Tecumseh was from the mid 1700's and by that time, lots of European metals were introduced into the Indian cultures.
 
Indians had never seen ANYTHING made out of metal. Indians had never used metal because they never knew about metals.

Tecumseh was from the mid 1700's and by that time, lots of European metals were introduced into the Indian cultures.

I just pulled up the text in my book. I got the Indian wrong; it was actually Blue Jacket who played the joke. Sorry, it's been a year since I read the book (The Frontiersmen by Eckert). But the mining and forming of metals was very real, and the Indians did see it. They also knew how to mine it and form it.

As for the silver, remember, as with most things with Indians it was a generational thing. Just because Blue Jacket (a white man who became a Shawnee) first came into written records around 1773 (as a grown man), it does not mean that he discovered the silver in the 1700's. In fact, it's implied in the text and the citations indicate that it may have been a generation or two prior to Blue Jacket, at a minimum, putting the dates of mining and forming easily in the 1600's in today's Ohio.

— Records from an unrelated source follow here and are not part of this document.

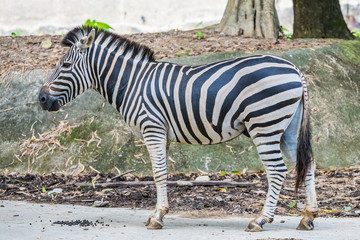 A zebra under captivity in a private zoo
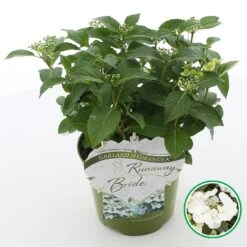 Hortensia (Hydrangea Hybr. 'Runaway Bride')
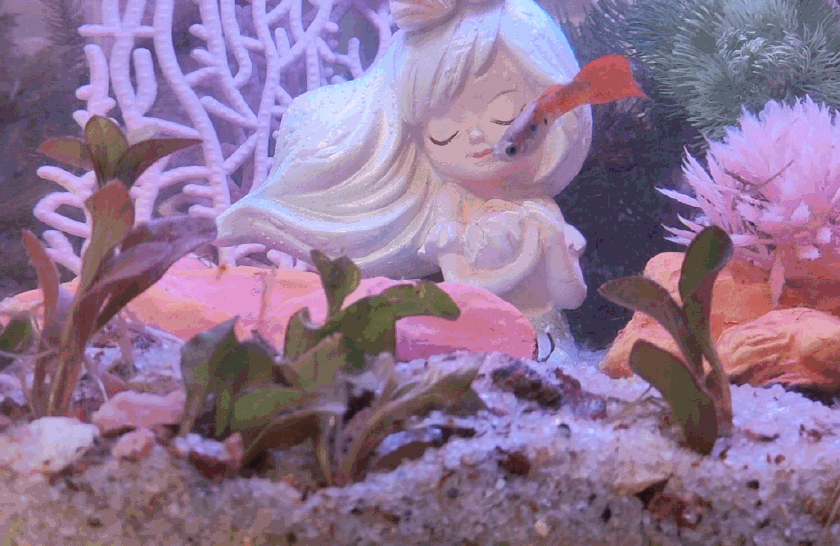 生态设计花鱼共生，画法几何两栖生态鱼缸养鱼更轻松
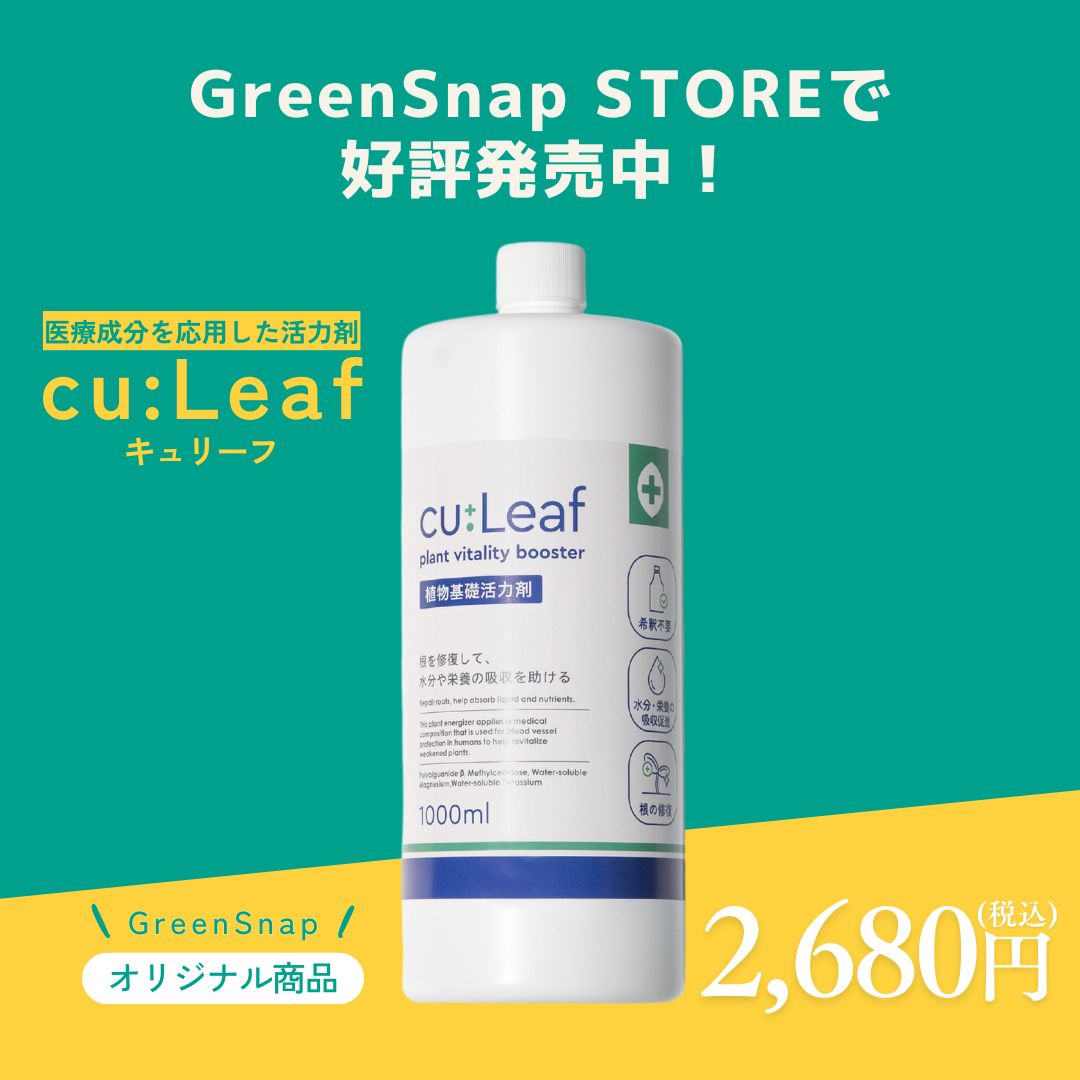 【植物基礎活力剤】cu:Leaf（キュリーフ） 1000ml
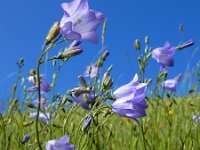 Campanula rotundifolia 52, Grasklokje, Saxifraga-Ed Stikvoort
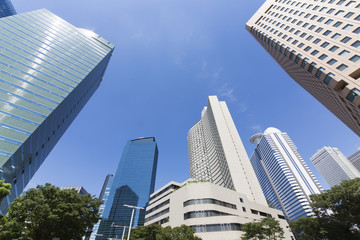 青空の新宿高層ビル群を見上げる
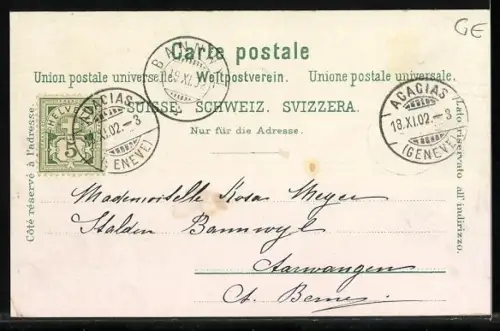 Lithographie Geneve, Gesamtansicht aus der Vogelschau, Monument National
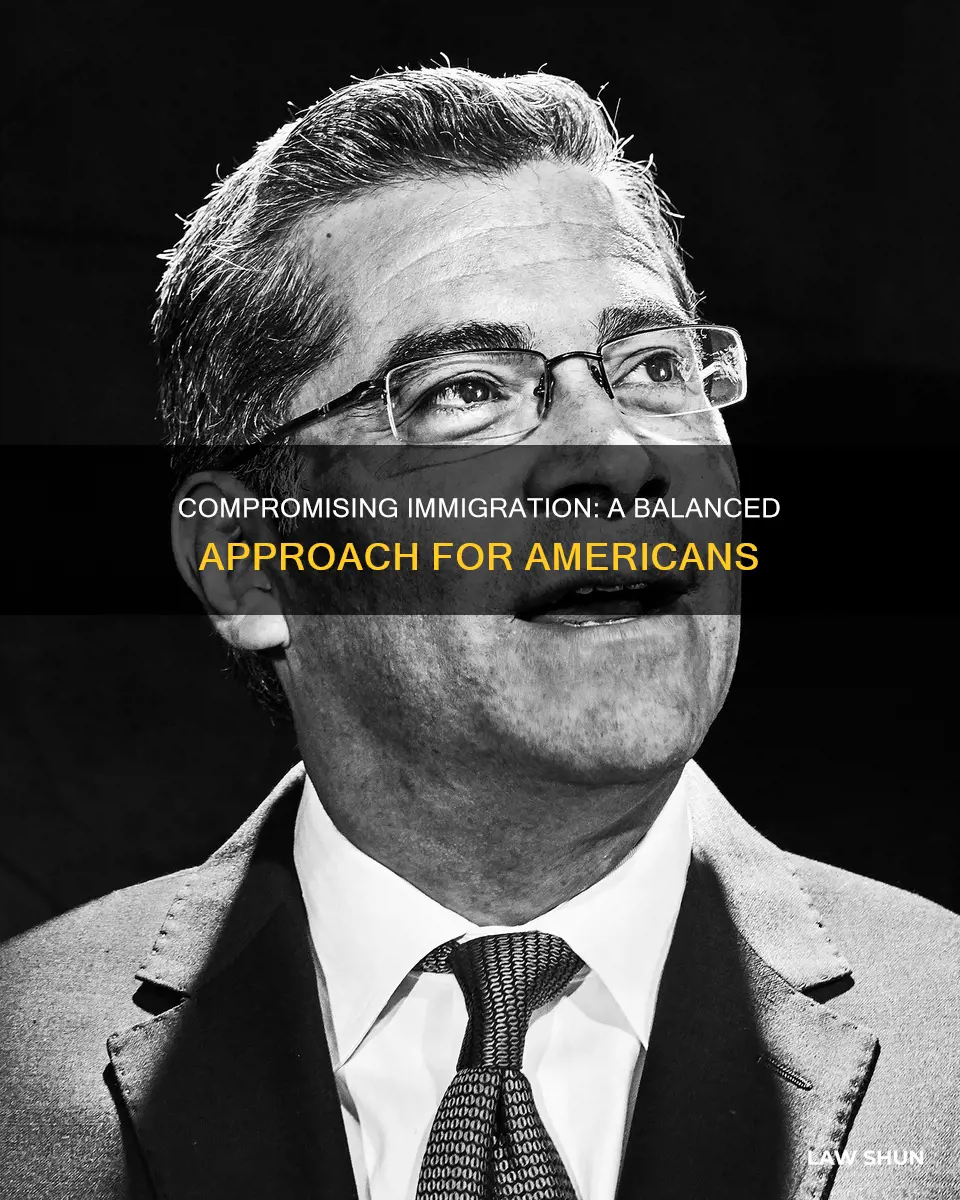how can americans compromise on immigration laws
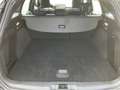Ford Focus 1.5 EcoBlue ST-Line LED/WIPA/PDC/AUT. Noir - thumbnail 19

Here's some text from the book:

"One of the prevailing puzzles among the pioneers was the question of where the Shawnees mined all the silver they used for their ornaments. That they had a fantastic supply of it was obvious, for rare indeed was even the lowliest of Shawnee warriors who did not own many beautiful hand-beaten armbands, necklaces, medallions and other objects of the purest quality silver." (The Frontiersmen, pg 434).
 
Incredible history and finds! Congratulations that is amazing
 
Great site you got there!! In California we find Indian trade trinkets too, they range from Phoenix buttons, to pretty much anything made of metal - buttons, rings, coins, tinklers, etc.

Seems like anywhere the Indians were, so were the Spanish.